** Opening Data section block **
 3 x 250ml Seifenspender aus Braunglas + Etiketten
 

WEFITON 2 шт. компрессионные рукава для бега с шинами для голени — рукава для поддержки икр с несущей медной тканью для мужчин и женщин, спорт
** Closing Data section block **
** Opening Data section block **
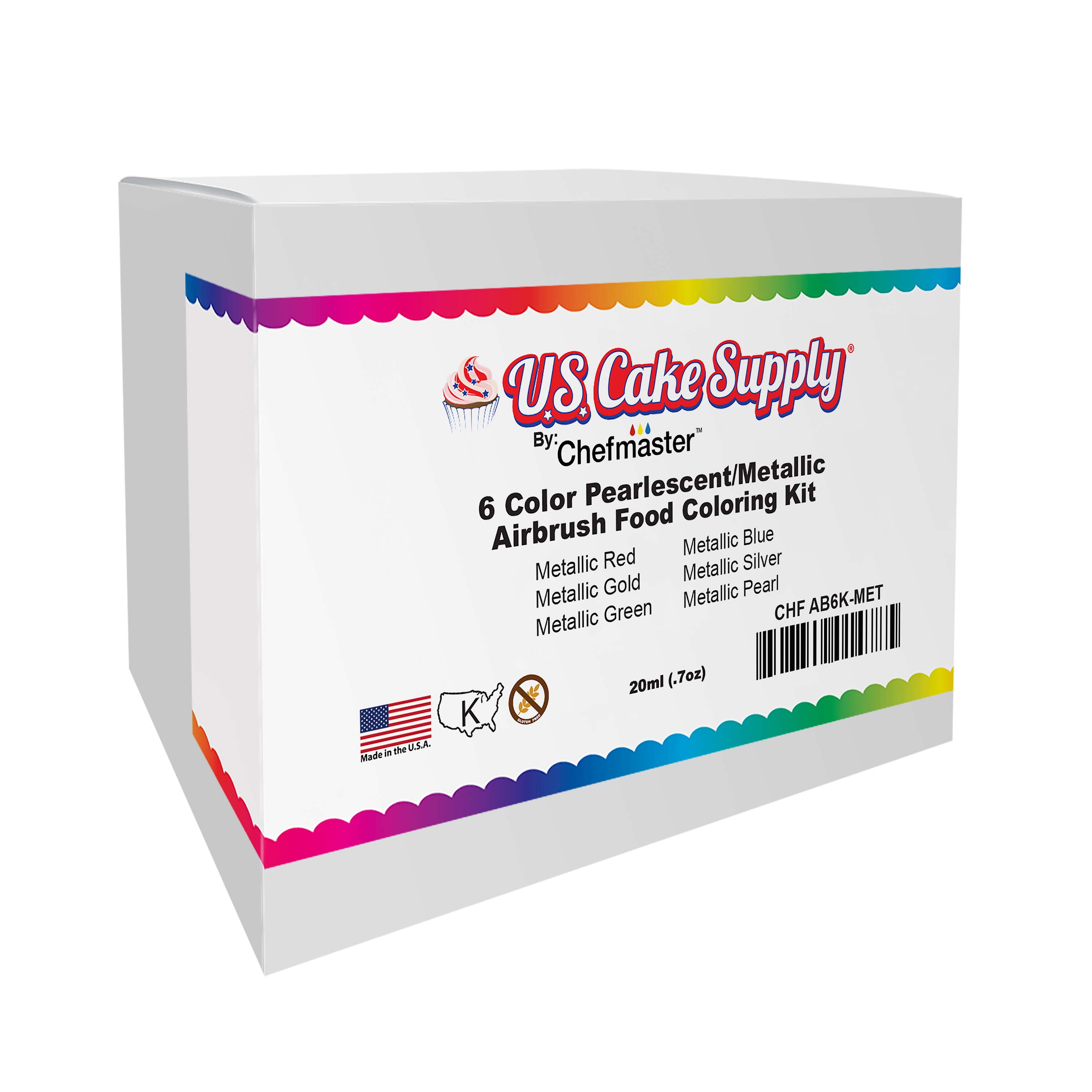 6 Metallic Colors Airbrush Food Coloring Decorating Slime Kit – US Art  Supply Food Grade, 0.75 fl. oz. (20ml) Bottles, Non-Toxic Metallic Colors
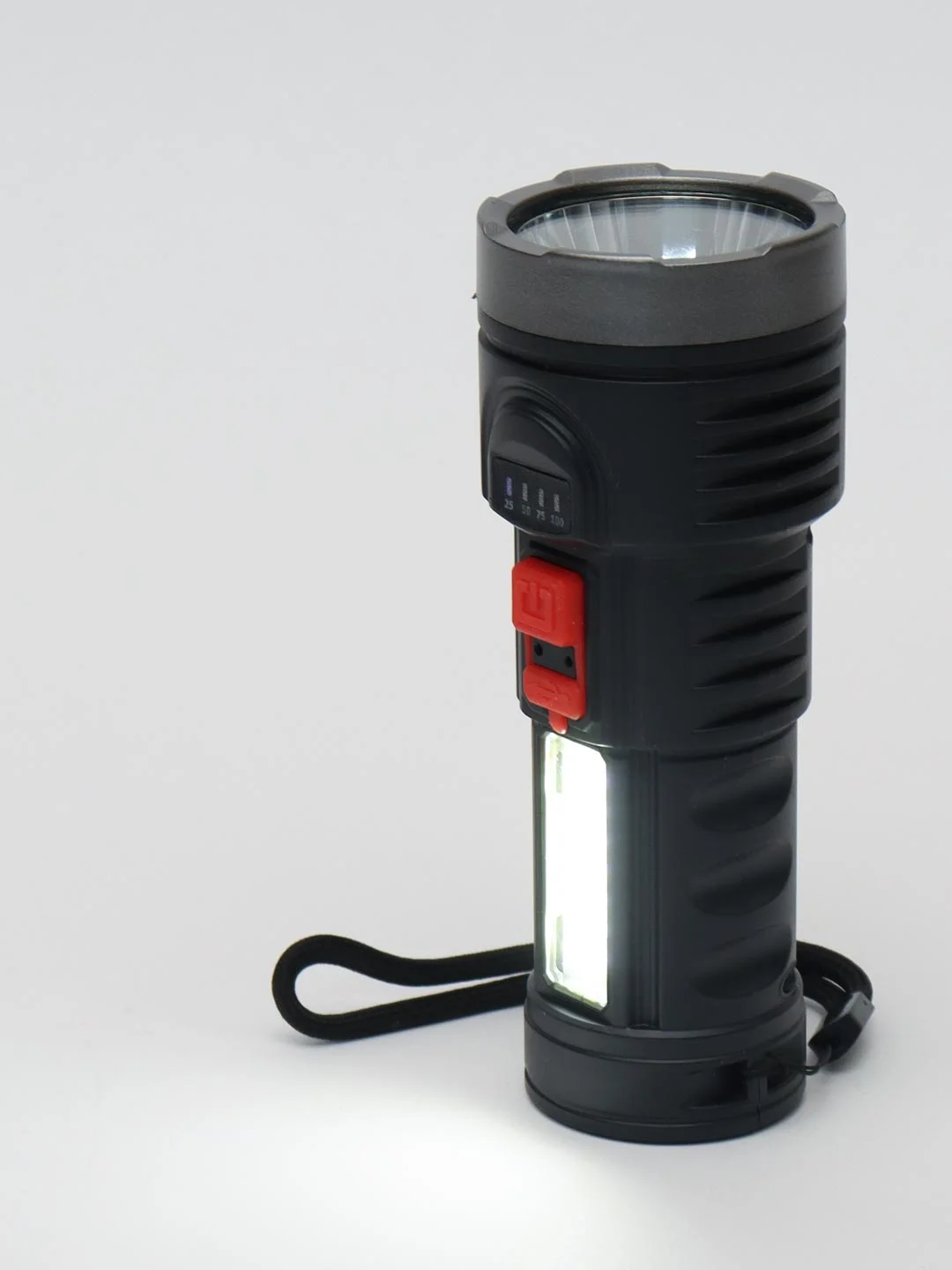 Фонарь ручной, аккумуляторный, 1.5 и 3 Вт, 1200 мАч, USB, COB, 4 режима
** Closing Data section block **
** Opening Data section block **
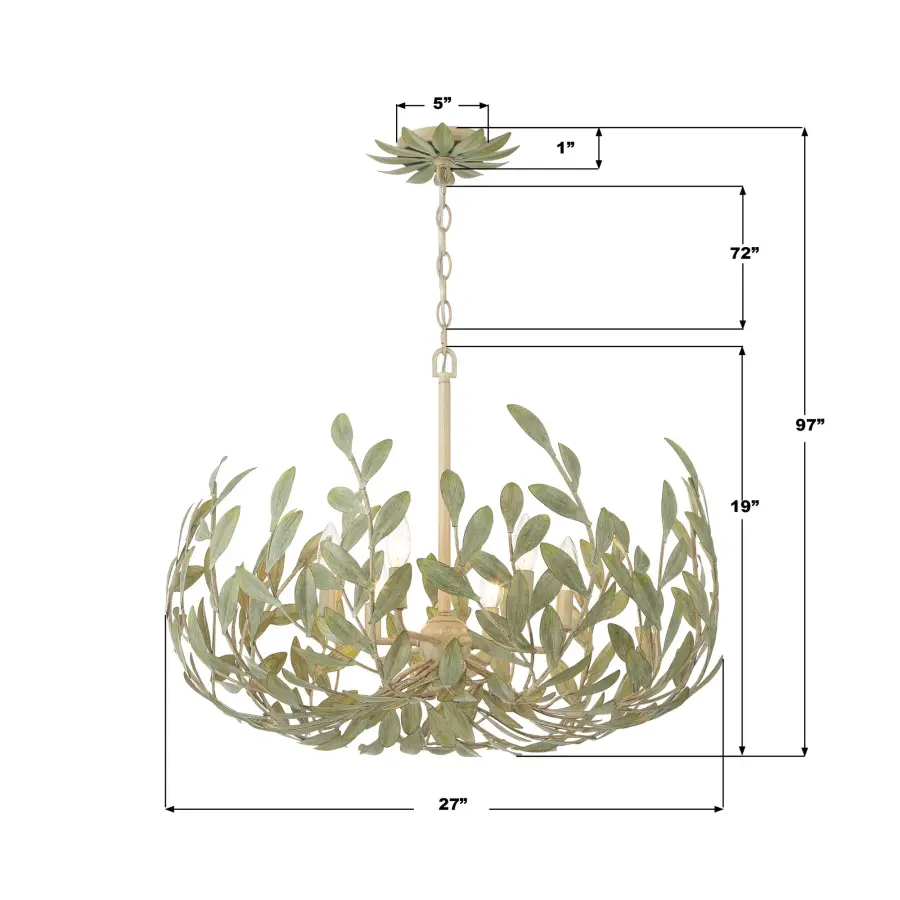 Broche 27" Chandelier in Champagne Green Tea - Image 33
** Closing Data section block **
- Exercise objective -
Reproduce exactly the stretch of the material above that starts at the line with "3 x 250ml Seifenspender" and ends at the line with "WEFITON 2 шт.", both included, and nothing else.

- Result -
 3 x 250ml Seifenspender aus Braunglas + Etiketten
 

WEFITON 2 шт. компрессионные рукава для бега с шинами для голени — рукава для поддержки икр с несущей медной тканью для мужчин и женщин, спорт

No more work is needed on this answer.